_Provided data_
_____

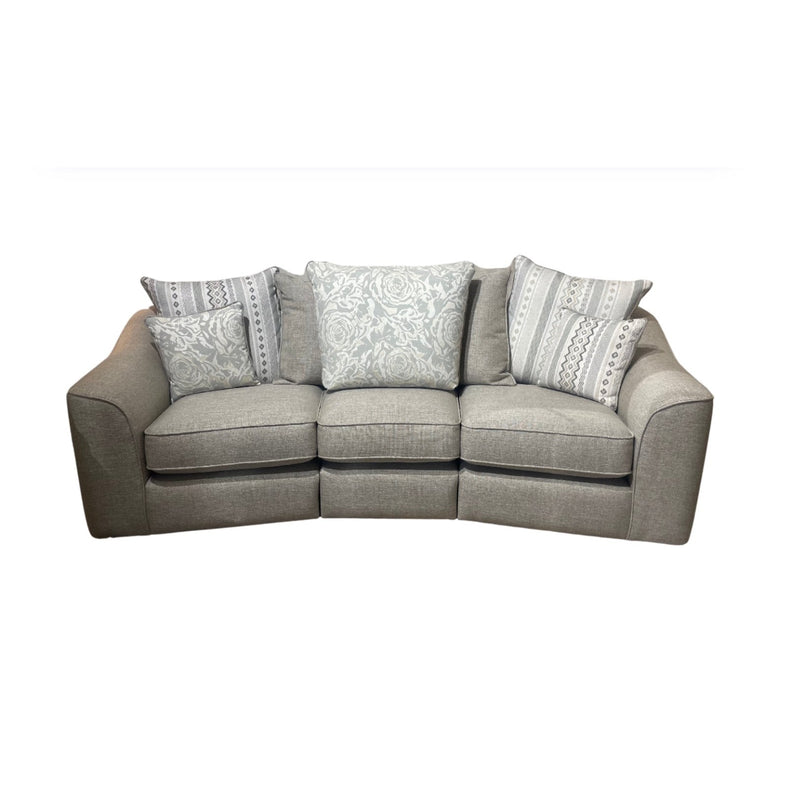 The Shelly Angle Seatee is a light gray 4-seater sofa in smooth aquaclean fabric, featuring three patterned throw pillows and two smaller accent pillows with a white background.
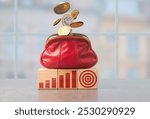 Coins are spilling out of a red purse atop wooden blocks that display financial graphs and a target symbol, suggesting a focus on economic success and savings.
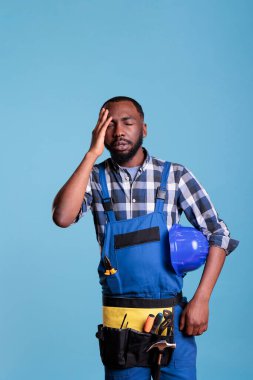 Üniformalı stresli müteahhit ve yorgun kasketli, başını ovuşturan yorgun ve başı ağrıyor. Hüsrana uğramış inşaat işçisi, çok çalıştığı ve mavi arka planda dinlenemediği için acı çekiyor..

_____

_What needs to be done_
Quote the full listing above word for word; exclude every picture from the copy.

_Solved problem_
 The Shelly Angle Seatee is a light gray 4-seater sofa in smooth aquaclean fabric, featuring three patterned throw pillows and two smaller accent pillows with a white background.
 Coins are spilling out of a red purse atop wooden blocks that display financial graphs and a target symbol, suggesting a focus on economic success and savings.
 Üniformalı stresli müteahhit ve yorgun kasketli, başını ovuşturan yorgun ve başı ağrıyor. Hüsrana uğramış inşaat işçisi, çok çalıştığı ve mavi arka planda dinlenemediği için acı çekiyor..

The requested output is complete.